| Task statement |
Give again, word for word, every line in the entries below from the line with "förstärkningsklämma rs28/b15mm 500st geko" up to and including the line with "Fan - Image 2", and no other line.

| Extracted entries |

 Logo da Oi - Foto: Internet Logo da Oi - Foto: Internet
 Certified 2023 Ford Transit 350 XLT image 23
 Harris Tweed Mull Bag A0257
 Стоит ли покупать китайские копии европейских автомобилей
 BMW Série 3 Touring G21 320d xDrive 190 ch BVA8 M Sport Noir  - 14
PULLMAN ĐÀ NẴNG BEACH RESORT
---
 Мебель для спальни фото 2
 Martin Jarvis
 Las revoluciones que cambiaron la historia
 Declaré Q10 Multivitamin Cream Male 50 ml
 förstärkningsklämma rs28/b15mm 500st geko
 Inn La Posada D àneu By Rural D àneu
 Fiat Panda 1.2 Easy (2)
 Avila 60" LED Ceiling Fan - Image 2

| Reply |
 förstärkningsklämma rs28/b15mm 500st geko
 Inn La Posada D àneu By Rural D àneu
 Fiat Panda 1.2 Easy (2)
 Avila 60" LED Ceiling Fan - Image 2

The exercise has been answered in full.